For show times, check out the AFF schedule!
Q. Your show, Queen of Delicious Animals, is a part of the Atlanta Fringe Festival. The show is based on your experiences as a child competitor in livestock shows. What can audiences look forward to in this show?
A. This is a story about blind ambition, soaring success, utter failure, and everything in between, sprinkled with some of most delicious bacon known to man. It’s an epic journey, one small child’s quest to be the best in her field, but the journey doesn’t end when the goal is reached. What happens when you get what you want? What do you do next? It’s a universal story but told in a very specific world, where people prize their guinea pigs above all else, and you live and die by those big blue ribbons. Audiences can look forward to lots of embarrassing Rachel stories, learning a lot they didn’t necessarily need to know about animals, and a well constructed Moulin Rouge manure joke.
Q. You hit on this in the show, the idea of success, failure and what it all really means in the end, but how did your past influence your daring show[wo]manship in the present?
A. The biggest lesson I learned was not to be afraid of failure. I was lucky in that I had a lot of success when I was very young, and then had to go on with my life and find something new to work towards. What I learned was that I like competing more than I like winning. I’d rather lose at something challenging that I tried my hardest at than get a meaningless award I didn’t work very hard for. I definitely think that’s emboldened me as a performer and altered my perspective of success and failure. Making theater is immensely difficult, and you never know how things are going to land. People fail every day, but if you don’t keep trying, you’ll never be successful.
Q. Was there ever any guilt about consuming your prize animals?
A. Yes, at first. The first time I had met my food before it arrived on my plate was very emotionally jarring. But in the end, it’s no different than where meat normally comes from. If I was okay eating mystery pork, I should be okay with eating this pork. Plus, I knew that this animal had been happy. He’d been healthy and well taken care of and lived in nice conditions and got plenty of exercise and socialization. I had made sure this animal had a good life for the time I cared for it, and while it is still strange to then turn around and eat them, you know this is the deal going in. And farm-raised happy 4H bacon tastes infinitely better than store bacon. It’s in a whole different league.

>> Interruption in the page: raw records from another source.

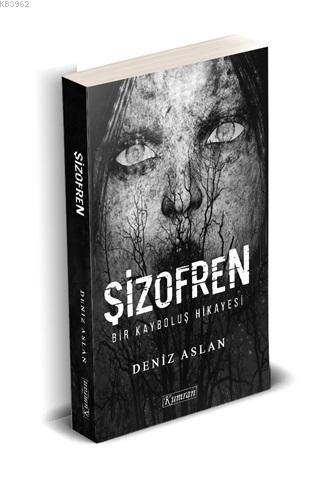 Şizofren; Bir Kayboluş Hikayesi - Kitapiks.com
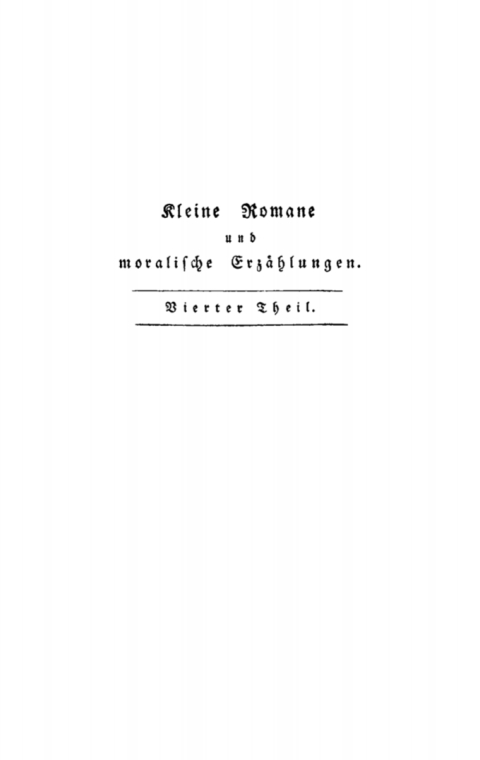 Cover image for book August Heinrich Julius Lafontaine: Kleine Romane und moralische Erzählungen. Teil 4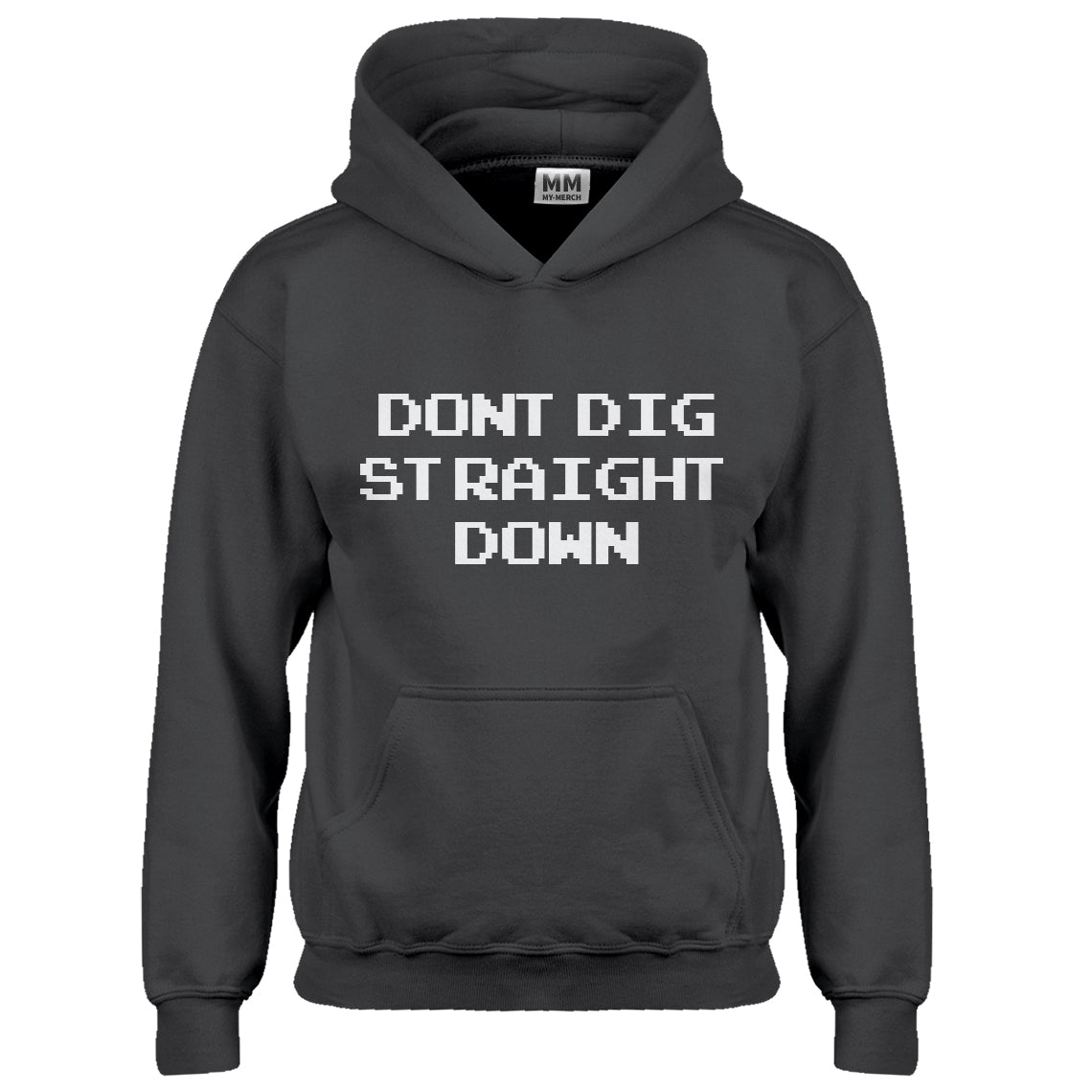 Indica Plateau Youth Dont Dig Straight Down Kids Hoodie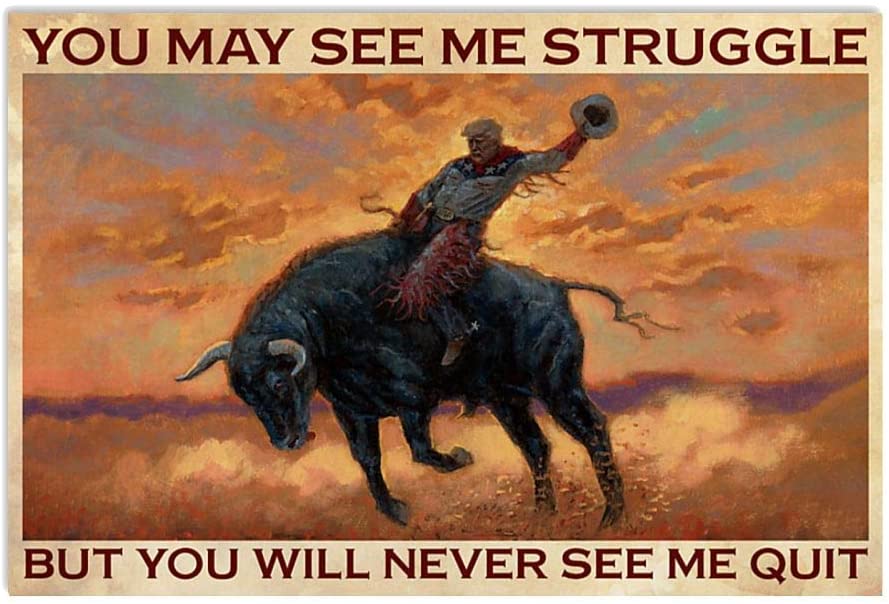 Vintage Riding Bull – Never See Me Quit Poster Art Print      Home Decor Gift For Family Friend On Birthday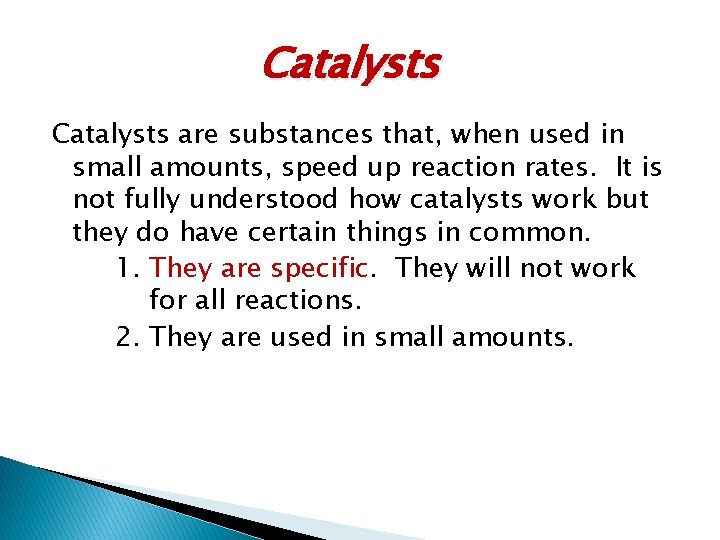 Catalysts are substances that, when used in small amounts, speed up reaction rates. It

Q. What sets your show apart from some of the other AFF productions?
A. I think this is a really easy show to enjoy. It’s a good story told well, and it’s fun. It’s also one of a small handful of Family friendly shows in this year, so it’s one that you can bring anyone to, grandmothers, kids, even vegetarians get a respectful disclaimer before we get into the animal-eating section.
Q. Do you ever miss those little piggies?
A. Sometimes. I don’t miss getting up in the wee hours of the morning to shovel manure, and I don’t miss cloven-hoof bruises across my feet, but chasing after pigs and cows and sheep was a marvelous way to spend my childhood. And makes for a good story.